Now, as the action in the Blackhawks' series against the Vancouver Canucks moves to Game 3 in B.C., Kane's infamous "20-Cent beating case" is literally front-page news for Vancouver 24 Hours -- in a gleefully satirical way.
From the Guts McTavish humor column today:
Vancouver's taxicab community needs your support.
With the Chicago Blackhawks' Patrick Kane coming to town for Games 3 and 4 of the Canucks-Blackhawks series, cabbies in the Lower Mainland are banding together and ensuring they have the proper change ready -- two dimes, in particular -- just in case it's needed.
Kane and his cousin were charged with beating up a taxi driver in Buffalo in an August 2009 incident after the cabbie allegedly was unable to provide 20 cents in change for the $15 paid by Kane.
It's up to us as a society to band together and keep our beaded-seat-sitting brothers and sisters safe. If you pull up next to a cab driver at a light this week, show them your solidarity by giving them a different finger for a change. A thumbs up.

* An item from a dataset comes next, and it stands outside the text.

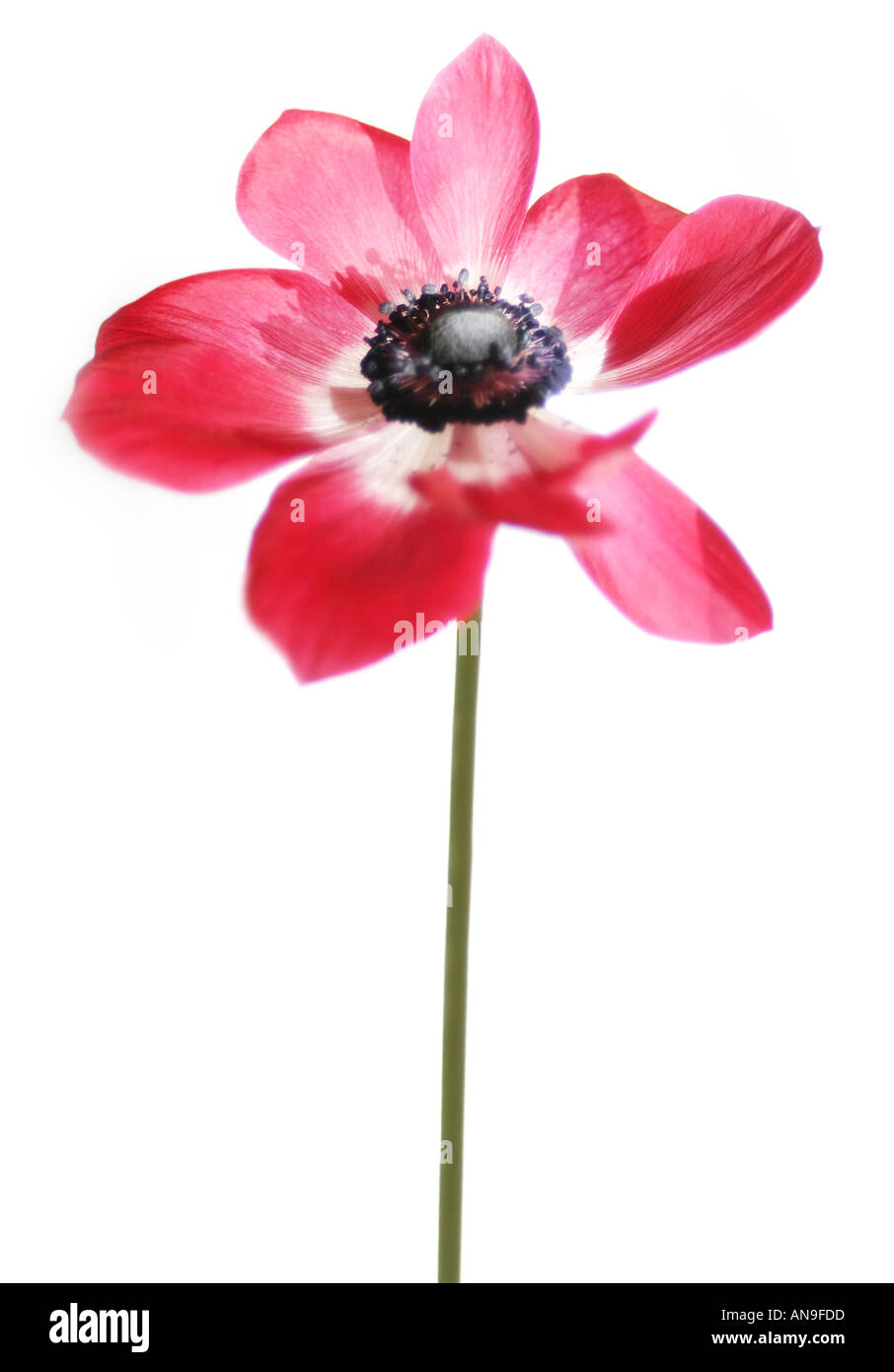 poppy Stock Photo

The digital version of the issue can be viewed here in a .PDF. Our only question: LimoGate happens in Vancouver and not a word about it? Afraid of offending the local talent or something?
Stick-tap to Chicago Sun-Times beat writer Adam Jahns (via Frank Wisniewski) for the find, as he tweeted that it's "pretty outdated and unnecessary if you ask me." Someone has an obvious lack of concern for the well-being of British Columbian cabbies.